日本人は、西欧人の人種差別のみを深く考えずに指摘した

人種差別についての考え方の根底が日本と欧米では違うので、議論をしてもどちらが正しいかという結論が出てきません。欧米の国民の多くは、キリスト教の考え方から人種差別が絶対に間違っているとは思っていませんでした。

日本と議論しても無意味なので、欧米諸国は日本を仲間はずれにして、距離を置こうとしはじめました。日本としても提案が拒否されたことによって具体的な国益が害されたわけではないので、徹底的に争うわけにも行きませんでした。

結局、日本がパリ講和会議に人種差別撤廃案を出したことによって欧米列強は、「日本が自分たちの仲間でなく、特殊なめんどくさい国である」と改めて認識しました。そしてこれ以後、アメリカ・イギリス・フランス・オランダなどアジアに植民地を持っている欧米列強の日本敵視政策が露骨になっていきました。また日本国内でも、欧米列強に対する敵愾心が高まりました。
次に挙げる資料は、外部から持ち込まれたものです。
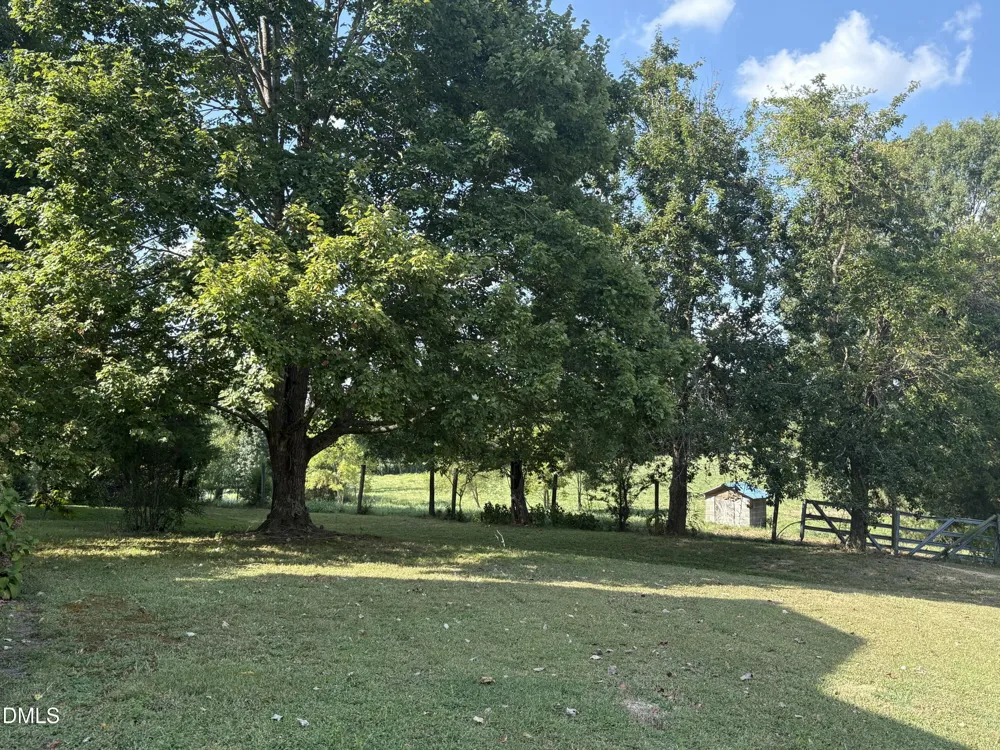 1204 Winfred Brady Road Bennett, NC 27208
昭和天皇がいみじくも、「国際会議で人種差別撤廃案を提案したことが大東亜戦争の原因だ」と述べられた通りなのです。

戦後の日本では、「日本は大東亜戦争に負けたが、日本が戦争したおかげでアジア諸国は独立することができた」とよく言われます。たしかにその通りなのですが、この戦争で日本全土が焦土となり、300万人以上の日本人が亡くなりました。他国を独立させるということが、このような大きな犠牲と引き合うほど日本にとって価値のあることだったのでしょうか。

また、アジア諸国は独立後、人間を差別しない国を作ったでしょうか。
支那人は自分たちだけを文明人と考え、周辺民族を野蛮人と蔑んできました。インドにはカースト制度というものすごい人間を差別する制度があります。朝鮮人社会における、両班という貴族階級と庶民の間の差別も相当深刻です。「人類みな兄弟」と思っている日本人のほうが、世界的に見れば特殊なのです。

日本人は、自分たちの人種や民族に対する考えが特殊であるということに気がつかず、アジアの諸民族の間の差別構造には注目せず、欧米人の人種差別のみを深く考えずに指摘してしまったのです。